Do countries keep a record of who enters and exits, and when?

The British/Irish agreement is different from Schengen though, in that it’s an informal agreement rather than a Treaty. Which means that both countries are free to ignore it. In practice, there are generally no checks on the land border on the island of Ireland, but there are checks at Irish airports (not British airports, though, yet) and on both sides of the Dublin-Holyhead ferry route.

For EU citizens, though, the checks usually involve just glancing at your passport rather than swiping it through anything, so no actual records are kept. The same is true for EU citizens entering a Schengen country from outside the Schengen area.

If you enter the US as a non US citizen, they not only swipe your passport, the also take your fingerprint and your photograph!!!

Ok, a yottabyte is a trillion terabytes. There isn’t that much storage on the whole Earth. But that’s ok. The NSA is perfectly capable of recording every email and phone call without yottabytes.

I could be wrong, but I’m guessing that pan1 was a member of the armed forces travelling on official orders.

Furthermore, once based in a European country, it used to be possible for US military personnel to travel to some other European countries as tourists, using military ID rather than passports to secure passage through border controls.

The rules on such travel arrangements will have changed for most border crossings since 2001.

Border crossings are recorded to some extent. A few years ago, I took my kids across from Ontario to Michigan for a weekend at a friend’s place. On the return trip, the Canadian agent had the details of my U.S. arrival the previous Friday. The Canada Border Agent didn’t even bother to take the passports from my hand (probably satisfied that my story matched my license plate).

On the other hand, contrary to mcott’s experience, I travelled 22 times to Japan between 2001 and 2008, in addition to several US and UK trips, and was never subjected to a search.

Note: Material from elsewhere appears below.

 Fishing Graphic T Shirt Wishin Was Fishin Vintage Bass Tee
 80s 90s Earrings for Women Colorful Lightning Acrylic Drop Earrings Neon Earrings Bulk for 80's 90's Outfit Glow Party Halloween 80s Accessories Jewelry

I wonder if it’s because I did actually once declare something that I’d brought back, and always had my receipts in my hand when answering questions about having anything to declare.

What’s on the screen is only for the use of CBPOs. In order to find out, you could file a FOIA. Or become a CPBO.

Thailand does. They’re more efficient about it now, too, since even the podunkiest border crossing has computers. Plus I have to report to Immigration every 90 days, and one piece of information required is when I entered Thailand. This has helped them track people in several missing-person cases involving foreigners.

I recall back in the day, though, hitching through Europe. A truck driver from Britain picked me up outside of Brussels, and we passed through France with nary a check on me. At the Swiss border, since I was going to stay in Switzerland for a while, I insisted on handing my passport to a bemused guard, who glanced at it briefly, handed it back and said “Welcome to Switzerland.”

In this day and age of homeland security and anti-terrorism, what makes anyone believe that most countries would not enter your passport information when entering the country? There may be exceptions but certainly if you’re entering through US customs and immigration from an international flight, Uncle Sugar records your details. Pretty sure that there is a camera as well that snaps your photo. The US records all people entering by air. If you’re an alien, then you have a fingerprint taken as well.

Every asian country I have ever been to does (Japan, china, Nam, thailand, Malaysia, Singapore, Australia, etc). In China, be it domestic or international travel, all Chinese nationals and aliens have their details entered into the computer and photo taken.